[Source records]
• • • •

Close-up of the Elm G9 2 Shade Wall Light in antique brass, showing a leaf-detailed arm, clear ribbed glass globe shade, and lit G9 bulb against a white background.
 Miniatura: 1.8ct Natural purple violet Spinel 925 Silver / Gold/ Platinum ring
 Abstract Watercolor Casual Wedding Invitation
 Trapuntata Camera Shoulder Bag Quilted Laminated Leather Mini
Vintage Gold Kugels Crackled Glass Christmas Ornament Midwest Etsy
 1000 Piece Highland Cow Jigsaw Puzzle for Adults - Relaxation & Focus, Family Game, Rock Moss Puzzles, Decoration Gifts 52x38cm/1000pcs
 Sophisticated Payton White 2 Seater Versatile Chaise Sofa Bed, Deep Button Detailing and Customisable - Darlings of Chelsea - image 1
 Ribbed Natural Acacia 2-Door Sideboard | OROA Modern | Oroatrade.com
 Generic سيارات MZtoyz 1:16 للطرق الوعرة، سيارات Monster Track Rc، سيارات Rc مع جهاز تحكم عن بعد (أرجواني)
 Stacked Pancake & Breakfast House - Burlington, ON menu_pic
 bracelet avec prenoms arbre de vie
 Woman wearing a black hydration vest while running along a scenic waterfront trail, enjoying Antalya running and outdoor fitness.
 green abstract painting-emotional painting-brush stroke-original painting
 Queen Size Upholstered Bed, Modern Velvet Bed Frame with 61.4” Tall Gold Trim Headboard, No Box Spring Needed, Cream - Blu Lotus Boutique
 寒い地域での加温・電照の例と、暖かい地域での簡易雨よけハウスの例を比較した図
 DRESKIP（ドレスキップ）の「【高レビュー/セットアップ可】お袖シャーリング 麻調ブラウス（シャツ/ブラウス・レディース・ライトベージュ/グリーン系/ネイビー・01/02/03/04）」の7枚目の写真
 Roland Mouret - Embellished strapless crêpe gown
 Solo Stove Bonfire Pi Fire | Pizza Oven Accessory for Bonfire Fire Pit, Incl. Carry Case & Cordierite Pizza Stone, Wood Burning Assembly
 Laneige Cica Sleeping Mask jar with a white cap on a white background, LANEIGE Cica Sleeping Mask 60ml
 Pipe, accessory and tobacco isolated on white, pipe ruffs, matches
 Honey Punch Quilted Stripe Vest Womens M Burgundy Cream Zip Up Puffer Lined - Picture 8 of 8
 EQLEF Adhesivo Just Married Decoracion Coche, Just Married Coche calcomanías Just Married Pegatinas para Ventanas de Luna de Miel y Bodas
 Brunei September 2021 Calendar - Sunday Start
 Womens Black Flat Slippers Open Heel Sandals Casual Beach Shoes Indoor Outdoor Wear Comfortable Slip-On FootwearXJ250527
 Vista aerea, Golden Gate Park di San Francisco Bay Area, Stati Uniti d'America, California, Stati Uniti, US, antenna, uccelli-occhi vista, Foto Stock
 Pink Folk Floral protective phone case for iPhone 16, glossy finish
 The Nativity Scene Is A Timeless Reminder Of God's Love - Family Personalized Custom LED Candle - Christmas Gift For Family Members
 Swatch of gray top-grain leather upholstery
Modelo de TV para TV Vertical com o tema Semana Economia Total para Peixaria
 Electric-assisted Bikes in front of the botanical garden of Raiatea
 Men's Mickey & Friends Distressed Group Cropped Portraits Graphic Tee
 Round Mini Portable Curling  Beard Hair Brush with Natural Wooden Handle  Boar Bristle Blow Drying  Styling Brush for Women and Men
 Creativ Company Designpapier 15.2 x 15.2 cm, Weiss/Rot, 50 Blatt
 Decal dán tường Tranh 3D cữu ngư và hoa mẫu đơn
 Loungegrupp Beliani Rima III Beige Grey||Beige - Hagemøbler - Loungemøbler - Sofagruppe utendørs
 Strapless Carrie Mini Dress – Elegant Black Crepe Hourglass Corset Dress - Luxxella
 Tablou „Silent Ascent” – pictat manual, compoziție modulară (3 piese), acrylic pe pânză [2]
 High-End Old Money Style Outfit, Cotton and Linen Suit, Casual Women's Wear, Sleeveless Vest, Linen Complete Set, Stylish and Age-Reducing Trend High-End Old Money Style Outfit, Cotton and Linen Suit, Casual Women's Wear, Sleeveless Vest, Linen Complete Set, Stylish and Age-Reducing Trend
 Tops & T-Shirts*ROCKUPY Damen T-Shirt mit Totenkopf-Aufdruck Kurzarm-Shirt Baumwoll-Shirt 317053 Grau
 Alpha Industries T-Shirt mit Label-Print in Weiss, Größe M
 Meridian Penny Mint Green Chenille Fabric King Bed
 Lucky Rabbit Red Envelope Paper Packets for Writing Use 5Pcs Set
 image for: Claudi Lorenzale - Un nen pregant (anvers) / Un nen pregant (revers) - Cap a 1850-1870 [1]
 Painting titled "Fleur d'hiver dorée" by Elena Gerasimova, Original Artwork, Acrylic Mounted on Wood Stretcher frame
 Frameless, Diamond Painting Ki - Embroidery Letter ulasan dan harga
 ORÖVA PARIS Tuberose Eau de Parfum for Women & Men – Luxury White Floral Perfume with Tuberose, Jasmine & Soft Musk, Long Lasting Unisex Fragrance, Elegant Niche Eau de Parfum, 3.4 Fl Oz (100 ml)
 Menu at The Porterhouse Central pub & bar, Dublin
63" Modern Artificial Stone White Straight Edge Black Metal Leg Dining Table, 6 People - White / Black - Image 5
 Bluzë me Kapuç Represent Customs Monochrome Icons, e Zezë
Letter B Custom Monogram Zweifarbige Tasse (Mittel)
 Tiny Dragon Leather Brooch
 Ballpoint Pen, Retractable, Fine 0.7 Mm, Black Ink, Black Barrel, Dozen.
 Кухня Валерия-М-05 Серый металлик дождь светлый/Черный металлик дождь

• • • •

Which lines run from the one containing "Menu at The" to the end of the entries above? Print them exactly, both ends included, and nothing else.

Expected answer -
 Menu at The Porterhouse Central pub & bar, Dublin
63" Modern Artificial Stone White Straight Edge Black Metal Leg Dining Table, 6 People - White / Black - Image 5
 Bluzë me Kapuç Represent Customs Monochrome Icons, e Zezë
Letter B Custom Monogram Zweifarbige Tasse (Mittel)
 Tiny Dragon Leather Brooch
 Ballpoint Pen, Retractable, Fine 0.7 Mm, Black Ink, Black Barrel, Dozen.
 Кухня Валерия-М-05 Серый металлик дождь светлый/Черный металлик дождь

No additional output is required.